━━━━━ PROVIDED INFORMATION ━━━━━

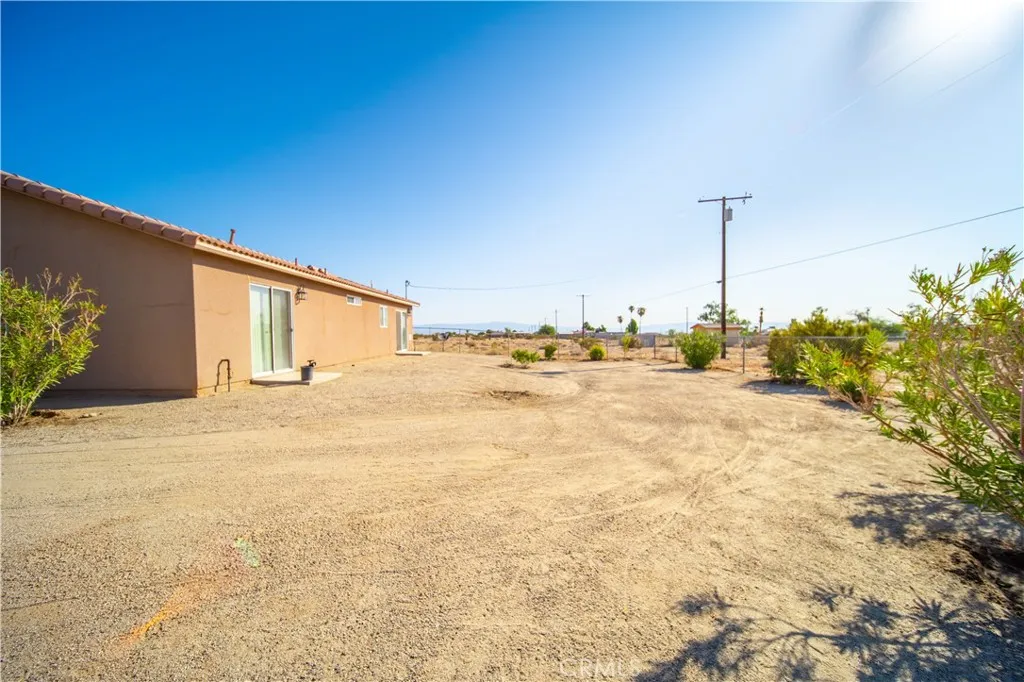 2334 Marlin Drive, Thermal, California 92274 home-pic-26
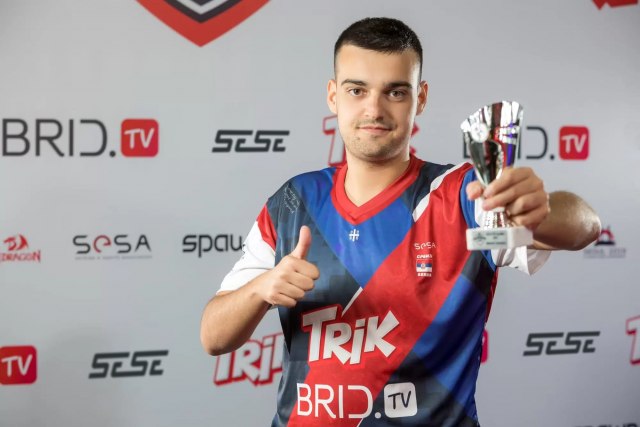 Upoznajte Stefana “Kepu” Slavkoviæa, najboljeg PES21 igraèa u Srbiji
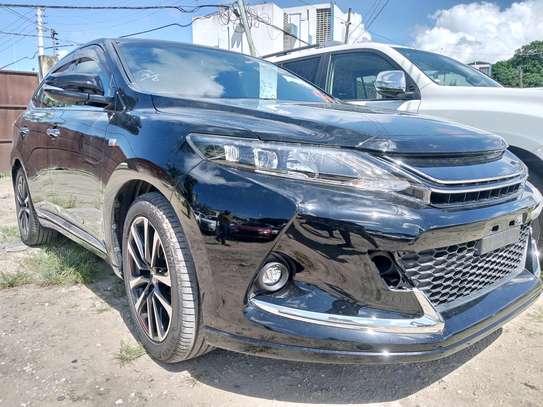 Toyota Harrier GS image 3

━━━━━
━━━━━ PROVIDED INFORMATION ━━━━━

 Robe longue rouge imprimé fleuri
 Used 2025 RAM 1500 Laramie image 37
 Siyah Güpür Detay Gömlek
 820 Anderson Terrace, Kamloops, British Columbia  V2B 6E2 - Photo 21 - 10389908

━━━━━
━━━━━ PROVIDED INFORMATION ━━━━━

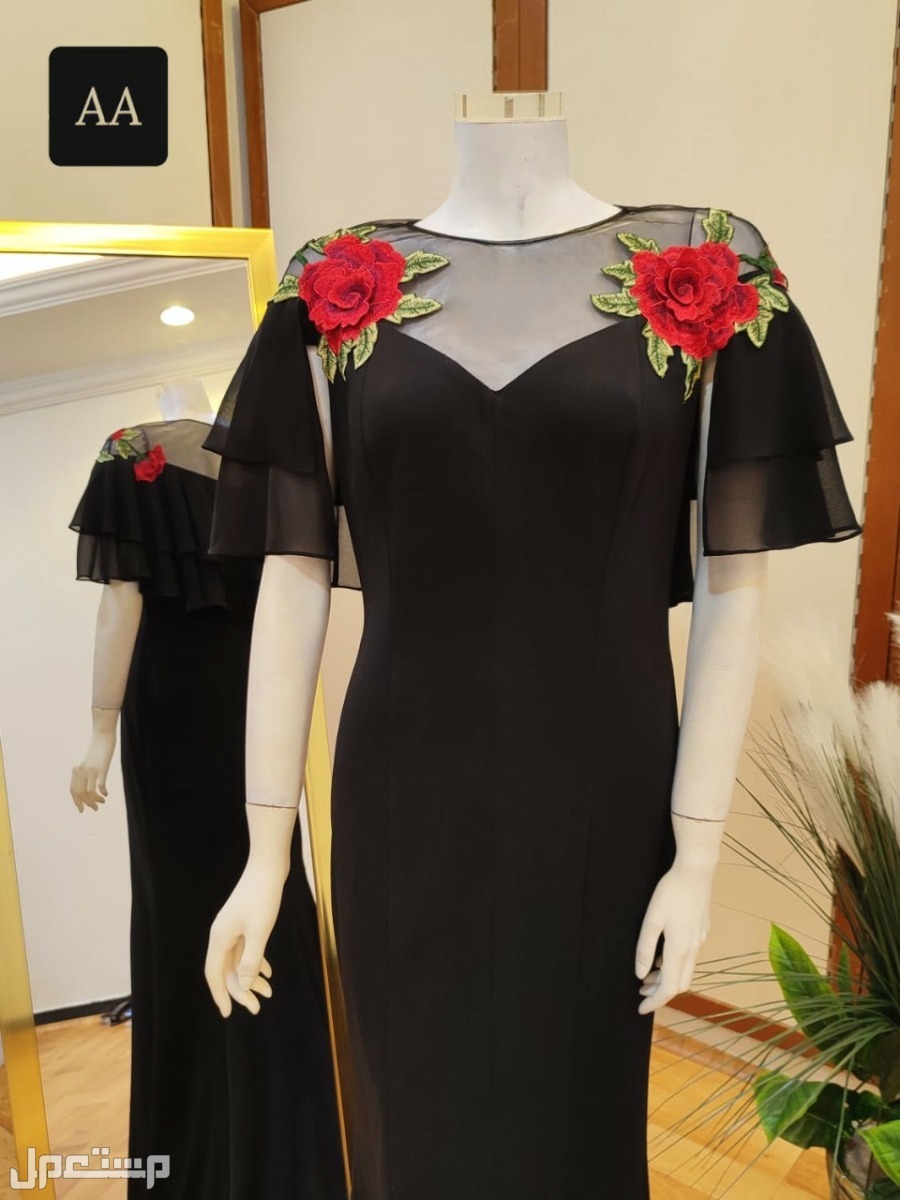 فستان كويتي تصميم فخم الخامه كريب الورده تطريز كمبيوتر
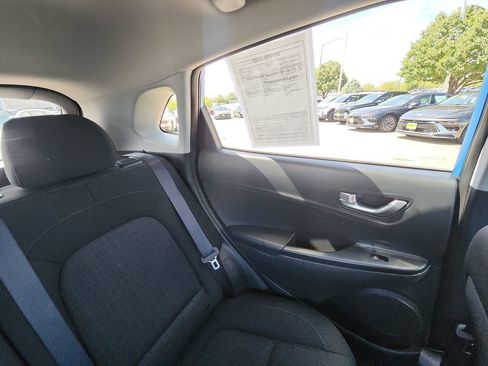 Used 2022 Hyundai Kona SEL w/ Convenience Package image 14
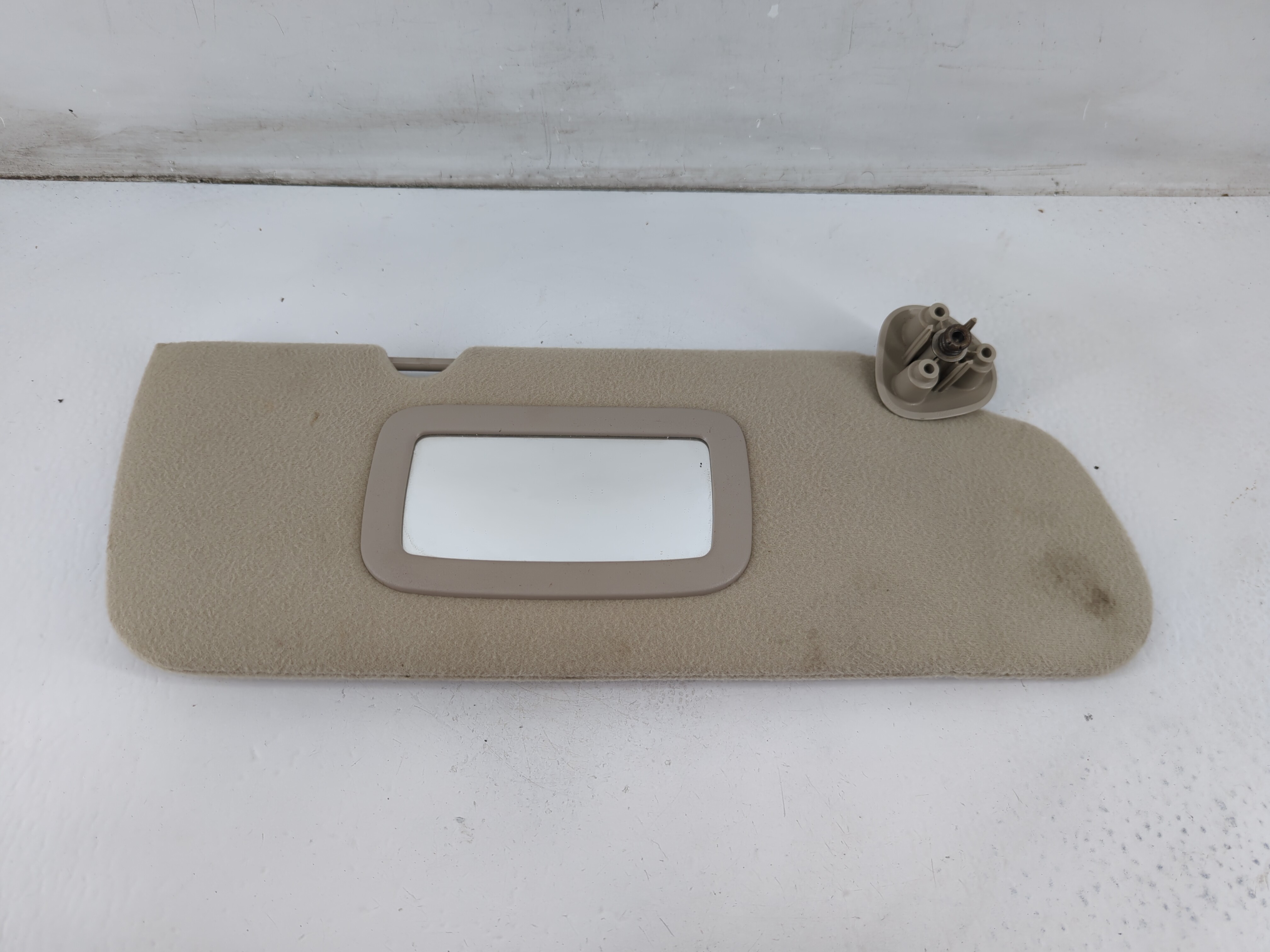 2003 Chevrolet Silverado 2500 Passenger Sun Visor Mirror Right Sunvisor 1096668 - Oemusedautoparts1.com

━━━━━

Among the lines above, repeat exactly those from the line with "Siyah Güpür Detay Gömlek" to the line with "820 Anderson Terrace, Kamloops, British", counting both ends.

 Siyah Güpür Detay Gömlek
 820 Anderson Terrace, Kamloops, British Columbia  V2B 6E2 - Photo 21 - 10389908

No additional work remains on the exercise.